Jenyns brother-in-law, Henslow, finished writing up his notes on the Blue Pimpernel showing that was only a variety of the Scarlet Pimpernel. This he proved by growing seeds sent by the Rev.E.Wilson from Yorkshire, nine of which had blue flowers and were "notched or toothed at the margin", the other three were red. His notes were sent to the Magazine of Natural History probably with Jenyns' article on "Some Remarks upon the late Winter of 1829 - 30". The two papers were published as ART.XI and ART.XII in that magazine in 1830.

23rd September 1830 (Thursday)

A person in the village of Bottisham found a very large caterpiller of the Death's-Head Hawkmoth (Acherontia atropos) in a potato field "we had the curiosity to weigh it, and found its weight no less than four drachms and forty-two grains. These caterpillers have become not unfrequent of late years in this neighbourhood, from the extent to which potatoes are now cultivated; but I never knew but one or two instances of the occurance of the perfect insect".


25th September 1830 (Saturday)

In the morning the gamekeeper at Bottisham killed a Hobby (Falco subbuteo) "a species that has only occured once before in that district". Jenyns took the chance to describe it: White throat - with a broad black band or moustache extending from the angle of the lower mandible on each side of the neck: upper parts dusky ash; under parts white, with large oblong black spots disposed longitudinaly; thighs & under tail-covers of a bright rust red; feet orange-yellow, bill bluish lead colour: cere & eyelids yellow.
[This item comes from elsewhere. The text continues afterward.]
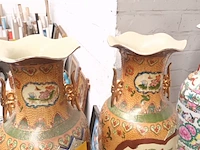 Lot 77 - koppel chinese vazen - afbeelding 2 van  8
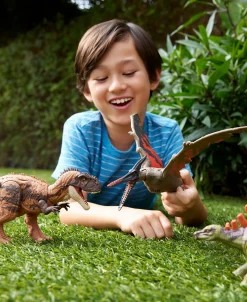 Macy's - Supplier Jurassic World Chaos Theory 7-Inch Action Figure - Wild Roar Kryptops* Action Figures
Length somewhat more than one foot, breadth two feet five and a half inches. Second primary the longest; first primary notched on the inner web.

28th September 1830 (Tuesday)

Godfrey Howitt wrote from Nottingham as a reply to Jenyns' visit of August 27th sending on "as many of the plants contained in your list" as well as a box for Jenyns to send back with insects of Cambridgeshire. He would have sent some from Nottingham but Jenyns had said that he only collected those from his own county. Howitt also offered bulbs of Crocus vernus& nudiflorus and Tulipa sylvestris "for the Cambridge Botanical Garden, it will be a source of pleasure to collect and send them. If I can at any time further any of your views, or give you any assistance connected with the Natural History of this part [of the ] county, I shall always be honoured by the application"

29th September 1830 (Wednesday)

One of Jenyns' brothers (George or Charles) was out shooting at Alington hill. His dog made a point, it had found a Great Plover or Stone Curlew (Oedicnemus crepitans, Temm.) and was able to capture it alive "It proved to be a young of the year, which had probably been bread in the neighbourhood. After it was killed we opened it, and found the stomach to contain gravels mixed with the half-digested remains of coleopterous insects, amongst which the legs and elytra of some of the larger carabidae were very conspicuous. Its internal canal was two foot two and a half inches long. These birds are not very uncommon about here some seasons; and in spring I occasionally hear their shrill startling cry, as they pass over the village late in the evening. The earliest period I have known them to occur is the 3rd of April". In the 1830 M.S.notes he called this bird "The thick-knee'd Bustard" but had been renamed in his book of 1846.

1st October 1830 (Friday)

A Spotted Water Rail (Gallinula porzana) was brought to Jenyns, it had been killed at Bottisham Fen. He measured its length as 8 1/2 inches, its bill - 9 lines, tarsus 1inch 6 lines, "Upper parts olive brown, with all the feathers black in the middle &varigated with fine streaks& spots of white".

8th October 1830 (Friday)

Little is said about Jenyns' sister Harriet but Darwin writing to W.D.Fox says "I have not seen Prof Henslow, but am going to a Party there to night; you have not told me half enough what you think about Mrs Henslow She is a devilish odd woman. I am always frightened whenever I speak to her, & yet I cannot help liking her". It is possible that Jenyns had the same effect on Darwin.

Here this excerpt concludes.